## What you are asked to do
Write out again, exactly, the lines below starting at the one with "Gêmeos siameses são" and ending at the one with "VEGF antibody".

## Entries provided
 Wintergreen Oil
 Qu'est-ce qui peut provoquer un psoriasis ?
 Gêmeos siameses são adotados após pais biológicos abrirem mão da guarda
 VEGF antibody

--

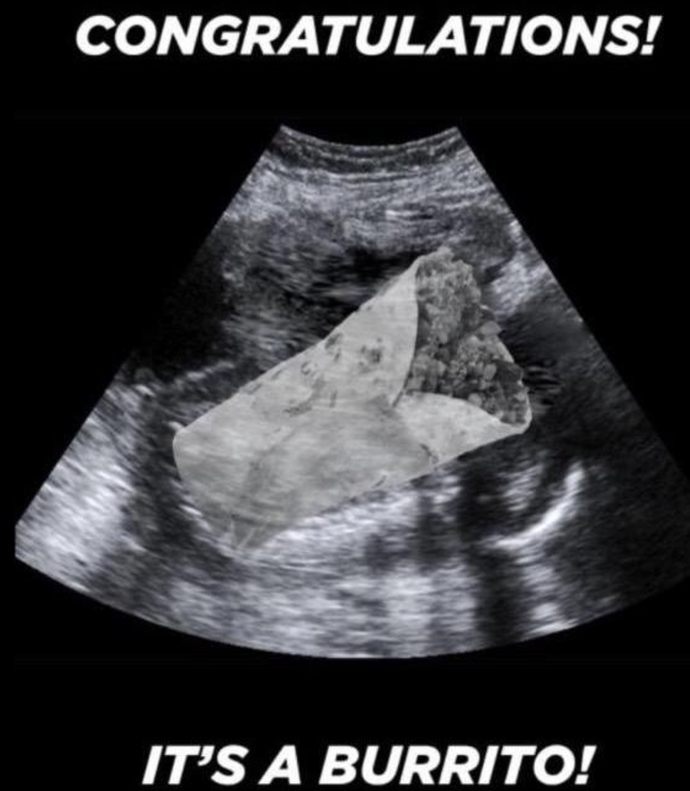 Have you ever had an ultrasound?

## Output
 Gêmeos siameses são adotados após pais biológicos abrirem mão da guarda
 VEGF antibody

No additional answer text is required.